Daniel Strogen is an ESRC-funded PhD candidate and senior teaching assistant in Applied Linguistics at Swansea University. His doctoral research examines Welsh language use among young people, with a particular focus on post-school transitions and the factors shaping continued use or disengagement. Over the past several months he has been working as an intern with Bilingualism Matters. The findings of the internship are presented in a report on bilingualism and multilingualism research at Swansea University, available here: https://shorturl.at/qjn3G.

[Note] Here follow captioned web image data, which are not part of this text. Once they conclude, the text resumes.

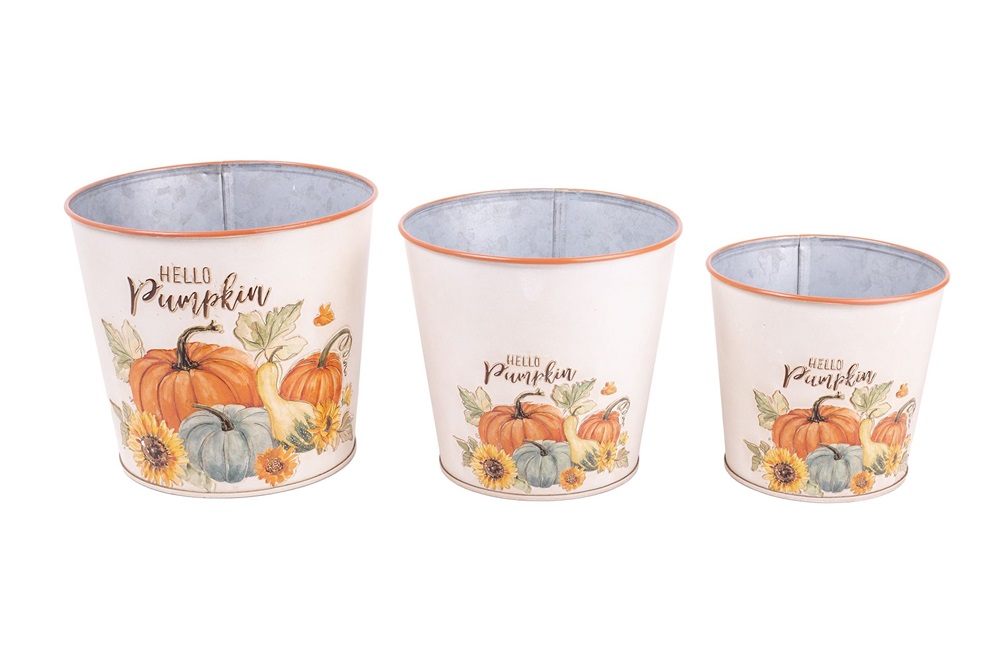 IRIS bádog kaspó, 3 darabos, tökök, krém narancssárga 15-11,5 cm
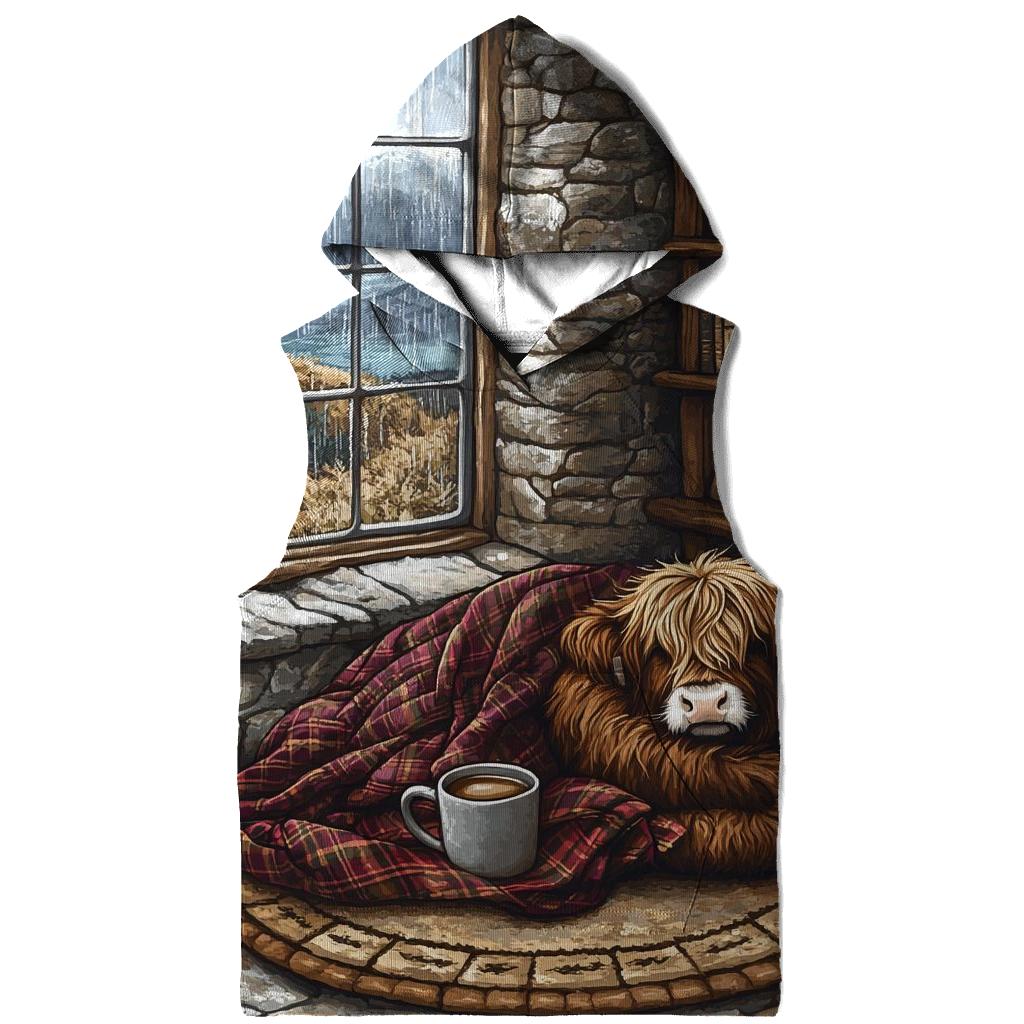 Cozy Book Nook Highland Cow graphic hoodies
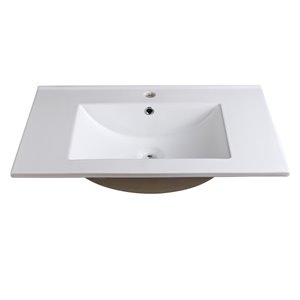 Fresca Allier White Ceramic Drop-in Or Undermount Rectangular Bathroom Sink Drain Included ( 18.25-in X 30-in )
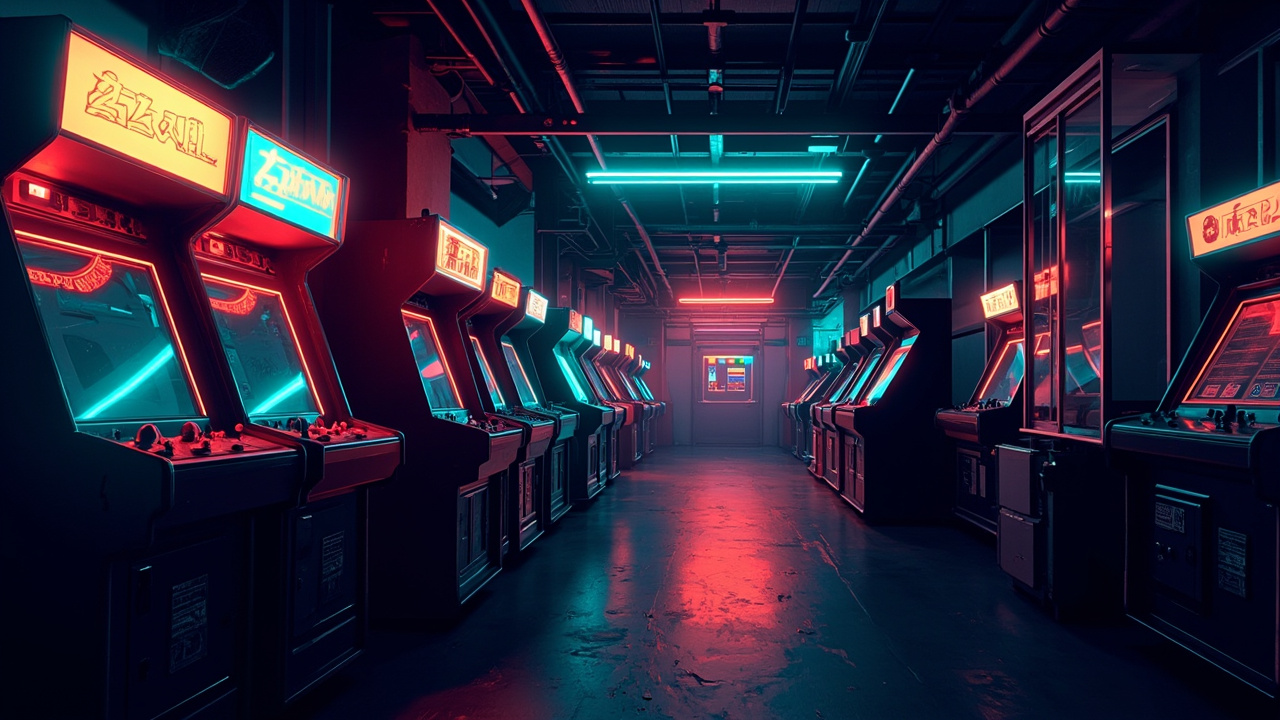 Illustration of a neon-lit retro arcade interior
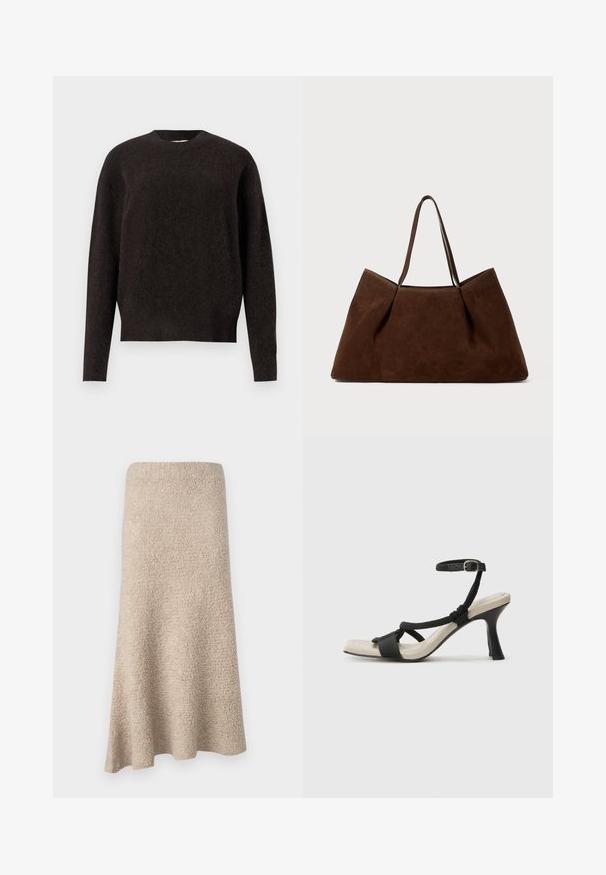 Samsøe Samsøe ANOUR - Pullover - black coffee; Jupe mi-longue en A de couleur beige doux avec une surface texturée et sans fermetures ni motifs visibles.; Sandale à talon noir avec un design de brides tressées, bout carré et bride de cheville réglable. Semelle intérieure beige claire avec un talon noir brillant.; Sac fourre-tout en suède marron avec deux anses, de forme rectangulaire spacieuse et au design minimaliste. Texture douce avec une finition lisse.
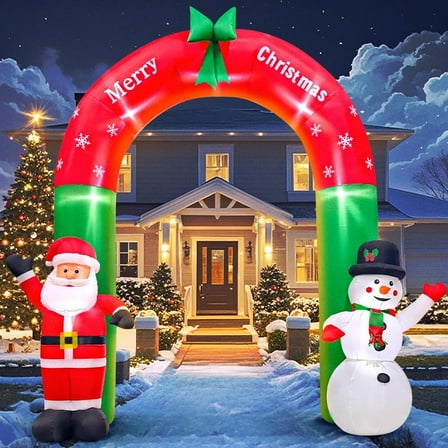 8FT Christmas Inflatable Santa Snowman Arch Outdoor Decorations Blow up Yard Decoration,LED Lights for Christmas Party Holiday Xmas,Outdoor Lawn Winter Décor Christmas Decoration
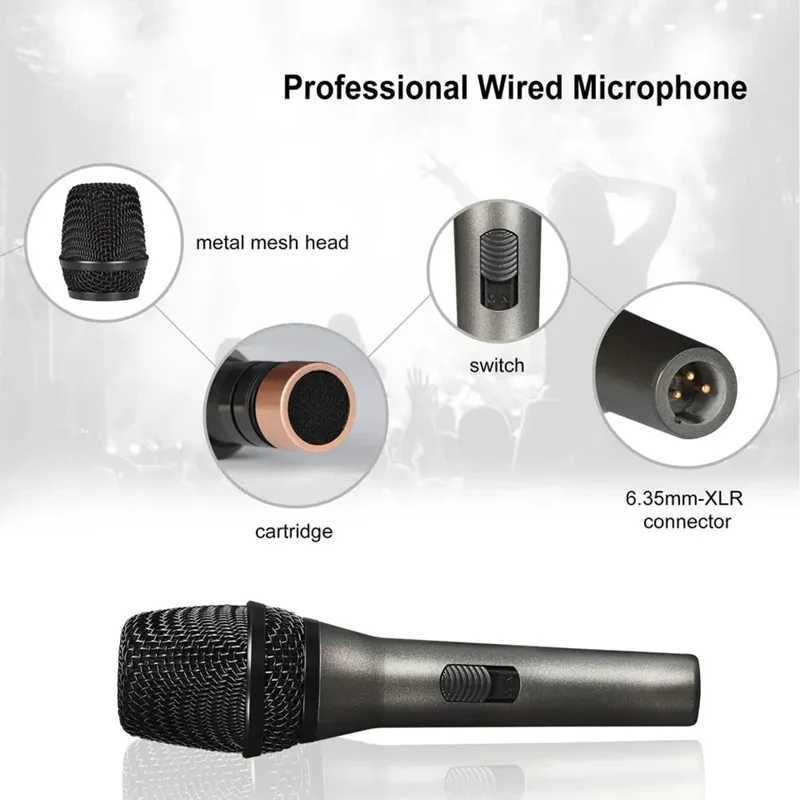 GL-8.0S Wired Microphone Cardioid Dynamic Handheld Mic for Stage Performance KTV - Blue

Over the past several months, I have had the pleasure of working with Bilingualism Matters @ Abertawe/Swansea on an internship examining the wide range of expertise relating to bilingualism and multilingualism across Swansea University. What began as an exercise in institutional mapping grew to encompass a much wider set of questions about language research and its place within the university. As part of the internship, I undertook a series of informal interviews with researchers and professional services staff from across the institution. These conversations involved colleagues working in areas including Welsh language education, sociolinguistics, psycholinguistics, multilingualism, cognition, identity, and public policy. For someone whose own research focusses upon Welsh language use and policy, the experience proved especially valuable. It offered an opportunity to encounter perspectives and forms of scholarship beyond the boundaries of my own thesis, while also revealing the remarkable breadth of work relating to language already taking place across the university.
Bilingualism Matters was founded by Prof. Antonella Sorace at the University of Edinburgh in 2008 as a research and information centre dedicated to communicating findings on bilingualism and language learning beyond academia. Sorace, an internationally recognised linguist known for her work on bilingualism and language acquisition, established the centre in response to the growing gap between academic research and public understanding. In 2022, Bilingualism Matters relaunched as an independent social enterprise and charity, expanding into an international network committed to making language research more accessible to wider society. Its work brings together researchers, educators, policymakers, and community organisations to explore the ways in which language shapes education, health, identity, social life, and human experience more broadly. In Wales, where questions surrounding language remain tightly bound to history, community, culture, and national life, this form of public engagement feels particularly important. Discussions on bilingualism are often flattened into statistics, policy targets, or political disagreement, yet the lived reality of bilingualism is invariably far more complex, personal, and socially textured than such debates sometimes allow.
Bilingualism Matters @ Abertawe/Swansea was formally established in 2024 as the first —and to-date, only — Welsh branch of the wider international network. Based within the School of Culture and Communication at Swansea University and supported by the university’s Language Research Centre, the branch was launched in collaboration with representatives from the wider Bilingualism Matters network, including Prof. Antonella Sorace and Dr Katarzyna Przybycien. The branch is currently led by Swansea researchers Dr Gwennan Higham, Dr Geraldine Lublin, and Dr Vivienne Rogers, and aims to strengthen connections between academic research and the families, educators, and organisations involved in bilingualism and multilingualism across Wales. Although Welsh-English bilingualism forms an important focus, the branch is equally concerned with multilingualism more broadly, including questions surrounding migration, education, cognition, identity, and community language use.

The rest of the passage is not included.